Pour sortir de cet « angélisme », il faudrait plus de punitions, plus d’exclusions, abandonner notre regard naïf sur ces élèves qui remettent en cause l’autorité des adultes et par là, celle de notre République. Cette approche se retrouve dans l’avis du conseil supérieur des programmes, qui souhaite recentrer les missions des CPE sur le respect du règlement intérieur, ou dans la demande de fouiller les sacs des élèves à l’entrée de leurs établissements.
Le risque est alors de ne plus considérer les transgressions comme des « erreurs » de comportement qui devraient nous renseigner sur les difficultés des élèves pour mieux les accompagner, mais comme des « fautes » de coupables dont il faut se protéger.

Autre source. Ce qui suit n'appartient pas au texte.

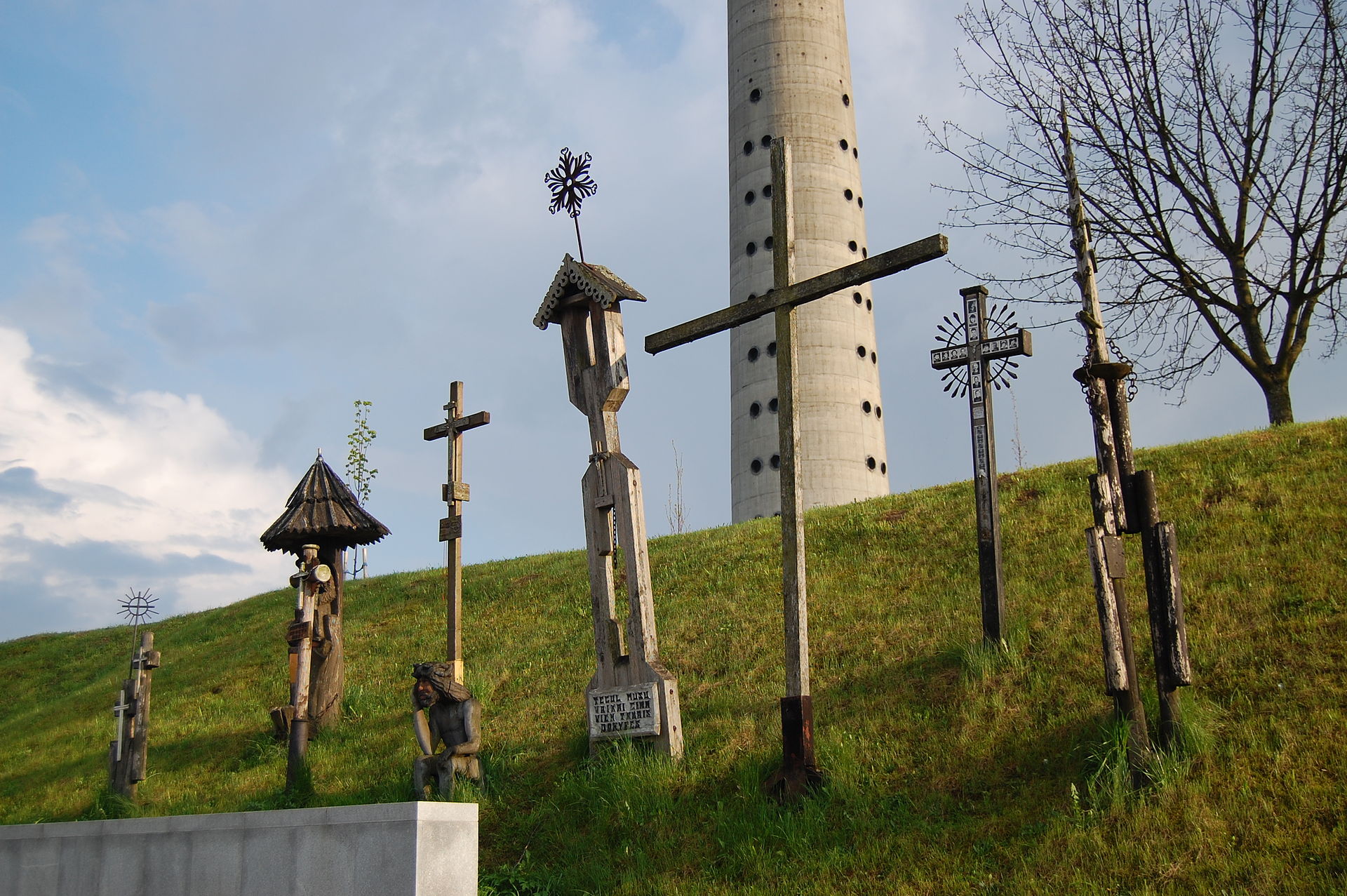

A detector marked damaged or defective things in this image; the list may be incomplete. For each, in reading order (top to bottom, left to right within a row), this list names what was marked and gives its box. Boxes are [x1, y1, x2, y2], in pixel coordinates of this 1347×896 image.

rusted metal pole base [765, 695, 824, 797]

Cette droitisation du discours se situe dans le contexte d’une école dégradée à l’extrême : les conflits s’y multiplient, en particulier autour des punitions1. Tension entre les enseignants et le personnel de vie scolaire, les premiers accusés de se débarrasser trop facilement de leurs élèves, les seconds de complicité avec les perturbateurs. Tension avec les personnels de direction, soupçonnés d’alimenter le « pas de vague » pour préserver l’image de leurs établissements. Tension entre les enseignants, incapables de se mettre d’accord sur comment et pourquoi punir. Cette dégradation des conditions de travail débouche nécessairement sur une logique de tri et d’exclusion.

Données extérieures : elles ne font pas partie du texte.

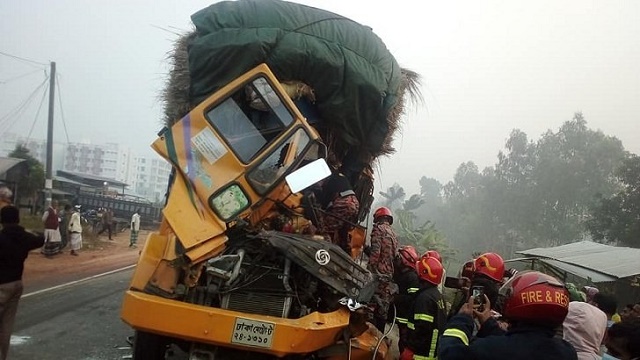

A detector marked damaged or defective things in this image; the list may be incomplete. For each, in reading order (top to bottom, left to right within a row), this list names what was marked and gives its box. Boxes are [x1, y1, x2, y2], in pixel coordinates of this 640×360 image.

collapsed windshield [205, 79, 296, 165]
crumpled hood [564, 302, 608, 358]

L’application du régime disciplinaire dans les écoles françaises est un sujet important qui mérite réflexion et débat, mais le bruit médiatique nous empêche de penser et d’agir. En refermant la problématique sur plus de punition, on s’empêche de s’interroger sur comment mieux punir. Mais la punition est malheureusement peu ou pas réfléchie. Elle n’est pas réellement traitée par notre hiérarchie, sinon pour culpabiliser les enseignants. Elle n’est pas abordée pendant la formation initiale ou continue.
Le jugement très partagé sur l’indiscipline des élèves, à la fois par les médias, les politiques, mais aussi par certains collègues reste du niveau de la discussion de comptoir. C’est ce qui permet de proposer un durcissement du régime disciplinaire inédit sans jamais prendre en compte la réalité du terrain.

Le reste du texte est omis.